The grant date fair value of the portion of the PSU’s subject to the Performance Condition and the Market Condition component was $31.93 and $33.57 for the 2018 PSU’s, respectively, $23.34 and $19.69 for the 2017 PSU’s, respectively, and $16.85 and $15.75 for the 2016 PSU’s, respectively. In accordance with ASC 718, for the portion of the PSU’s subject to a Market Condition, stock-based compensation expense is derived using the Monte Carlo simulation methodology and is recognized ratably over the service period regardless of whether or not the attainment of the Market Condition is probable. Therefore, the Company recognized less than $0.1 million in stock-based compensation expense during the first quarter of 2018 related to the Market Condition portion of the 2018, 2017 and 2016 PSU awards. There was a total of $0.4 million of unrecognized stock-based compensation expense related to the Market Condition portion of the 2018, 2017 and 2016 PSU awards as of March 31, 2018.

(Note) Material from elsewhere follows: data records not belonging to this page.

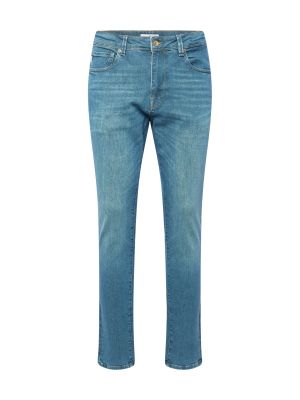 Jeans skinny Selected Homme blu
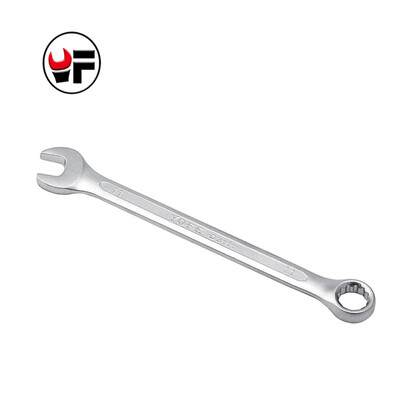 YOFE 11mm Combination box open end Concave rib tool wrench high quality car tools gear a set of keys wrench tools YF006
YOFE 11mm Combination box open end Concave rib tool wrench high quality car tools gear a set of keys wrench tools YF006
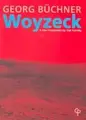 Cover image for Georg Büchner : Woyzeck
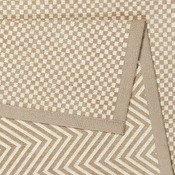tapis en coton Paulsen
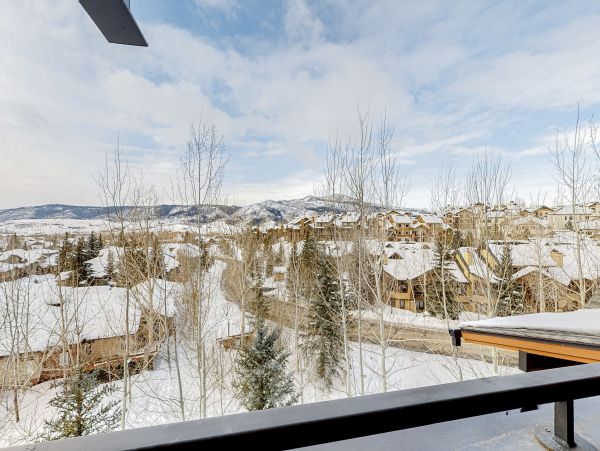 Steamboat Springs Home 1020208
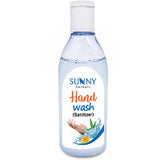 Pack of 2 Bakson Sunny Herbal Hand Wash (100ml)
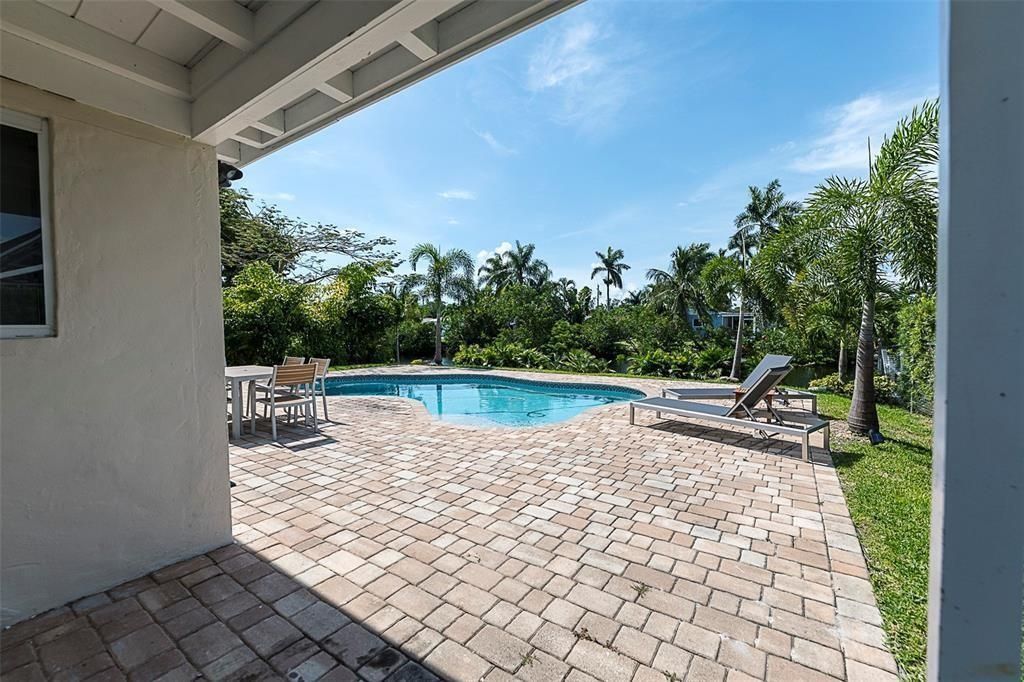 1162 Hayes Street , Hollywood, FL 33019 Photo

For the portion of the PSU’s subject to the Performance Condition, we recognize stock-based compensation expense on a straight-line basis over the Performance Period based on the probable outcome of the related Performance Condition. Otherwise, stock-based compensation expense recognition is deferred until probability is attained and a cumulative stock-based compensation expense adjustment is recorded and recognized ratably over the remaining service period. The Company reassesses the probability of the satisfaction of the Performance Condition on a quarterly basis, and stock-based compensation expense is adjusted based on the portion of the requisite service period that has passed. As of March 31, 2018, the Company had not recognized any stock-based compensation expense related to the Performance Condition portion of the 2018 or the 2017 PSU awards. If the Company achieves the minimum performance levels for the Performance Conditions to be met for the 2018 and the 2017 awards, the Company would record unrecognized stock-based compensation expense of $1.0 million as of March 31, 2018, for which $0.3 million would be immediately recognized had attainment been probable at March 31, 2018. The Company recognized less than $0.1 million of stock-based compensation expense related to the Performance Condition portion of the 2016 PSU awards during the first quarter of 2018 based on the probability of attaining the performance condition. The Company has $0.1 million of unrecognized stock-based compensation expense for the 2016 PSU awards as of March 31, 2018.